5月9日~11日にかけて、東京ビッグサイトで日本最大級のIT専門展「2018 Japan IT Week 春」が開催された。本記事では、「第27回 ソフトウェア&アプリ開発展」に出展していたコウェルの担当者インタビューおよびブースレポートを紹介する。

  • コウェル展示ブースの様子

    コウェル展示ブースの様子

“ハイブリッド”スタイルでインフラからアプリケーションまで幅広くカバー

コウェルは、ベトナムでのオフショア開発をコア事業としたグローバルITソリューション企業だ。
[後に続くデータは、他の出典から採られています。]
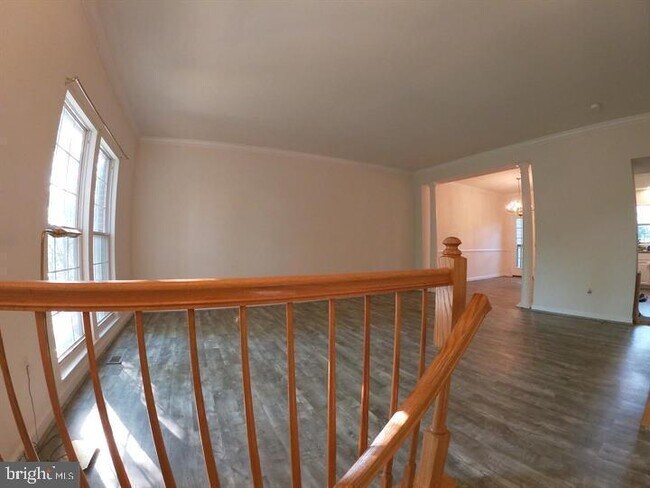 Foto del edificio - 2028 Madrillon Springs Ct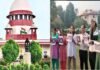 छावला गैंगरेप हत्या मामले में दोषियों को बरी करने के फैसले के खिलाफ दायर पुनर्विचार याचिका सुप्रीम कोर्ट ने की खारिज SC dismisses review petition of Chawla gangrape murder case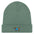 Bestickte Beanie – Steffen der Dackel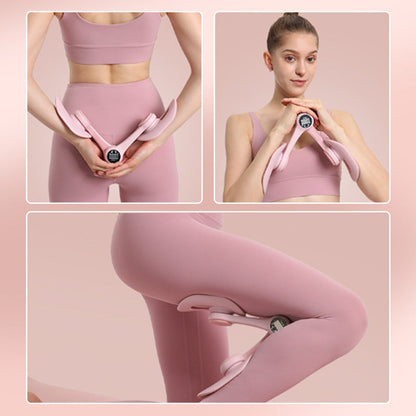 Pelvic Floor Trainer 18$ TODAY ONLY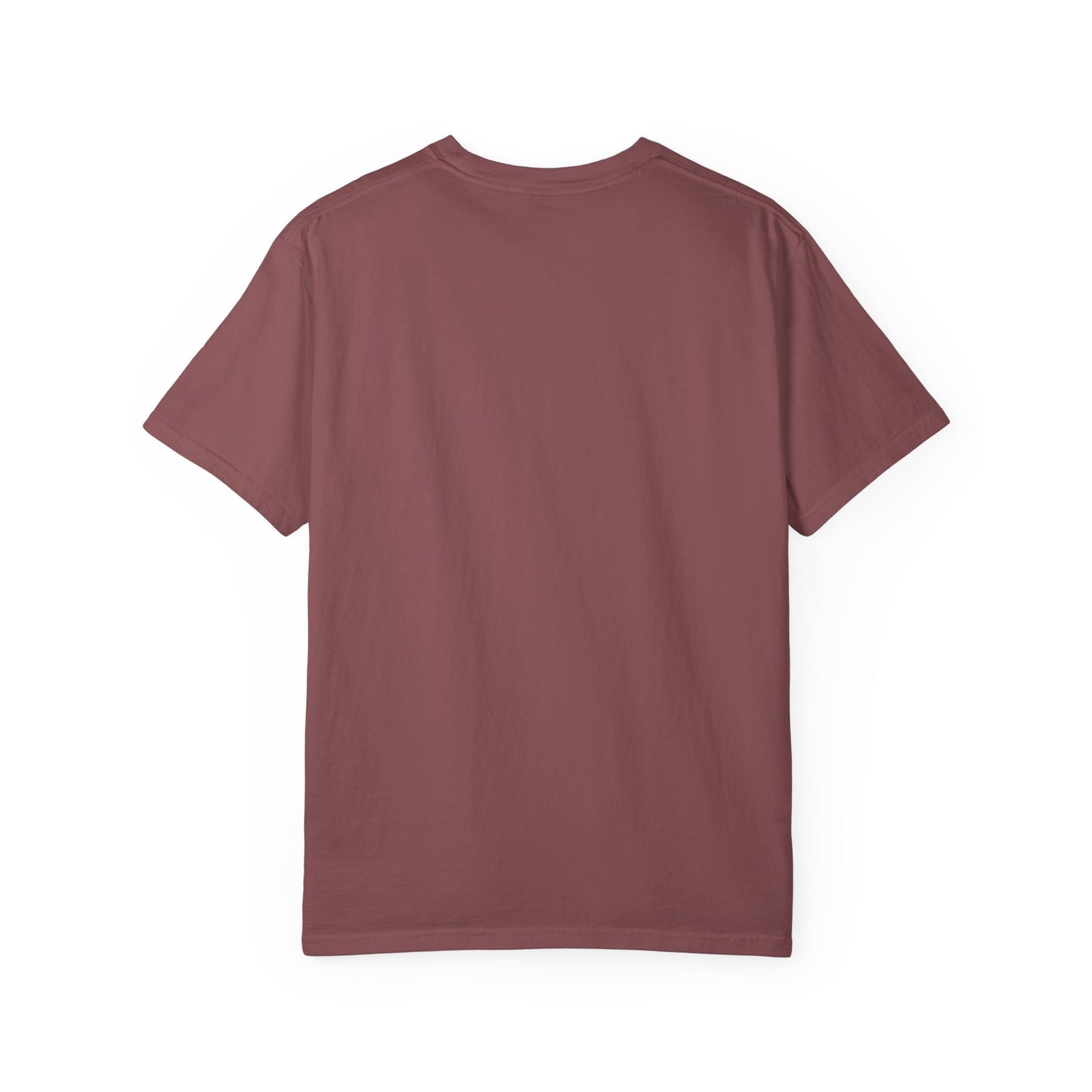 Beach Face T-shirt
日本に約60名、ベトナムにはハノイとダナンの両拠点で約400名の人材を擁し、インフラからアプリケーションまでカバーするフルスタック型サービスを提供している。

同社の特徴について、コウェル 経営戦略室 室長の今井徹氏は「オフショア開発を手掛けている企業は数多くありますが、日本法人として60名規模の人材を擁しているのはかなり珍しいですね。ベトナム法人の優秀かつ豊富なエンジニアに加えて、この日本法人のエンジニアが上流工程のコンサルティングとプロジェクトマネジメントを支援する“ハイブリッド”スタイルで、より円滑なオフショア開発環境をご提供しています。お客様の専任チームを構成するラボ型契約のため、月額費用固定でさまざまなご要望にお応えできるのも特徴です」と語る。
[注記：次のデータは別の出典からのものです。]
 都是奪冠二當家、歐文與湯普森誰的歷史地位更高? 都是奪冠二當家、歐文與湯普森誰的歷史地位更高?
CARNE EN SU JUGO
  • コウェル 経営戦略室 室長 今井徹氏(写真右より3番目)と、運営に携わる社員の方々

    コウェル 経営戦略室 室長 今井徹氏(写真右より3番目)と、運営に携わる社員の方々

オフショア開発はもともと開発コストの削減を主目的に採用されてきたが、そのニーズは日本国内で難しくなってきた人材の確保、そしてさらに高レベルなソリューション提案へと、時代とともに大きな変化を遂げているという。こうした最先端のニーズに応えるのが、ハイブリッドスタイルを基軸としたコウェルのオフショア開発なのだ。さらに最近では、大手企業との直接取引が多く、特にECサイト系および、中・大規模なWebシステム系の開発案件が増えているそうだ。
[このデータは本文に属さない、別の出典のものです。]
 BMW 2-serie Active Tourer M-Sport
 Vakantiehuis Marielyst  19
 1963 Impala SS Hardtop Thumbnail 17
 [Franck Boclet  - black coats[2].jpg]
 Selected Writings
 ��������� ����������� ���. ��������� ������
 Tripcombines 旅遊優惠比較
ECプラットフォーム「Magento」を用いた「ECソリューション」に注目

同社のブースでは、「ECソリューション」「xR (VR/AR/MR)ソリューション」「SharePoint開発サービス」「ソフトウェア・テストサービス」という4つのIT戦略支援に分けて展示が行われていた。その中でも特に注目したいのが、米MagentoのECプラットフォームを活用し、企業に最適なECサイト構築を実現する「ECソリューション」だ。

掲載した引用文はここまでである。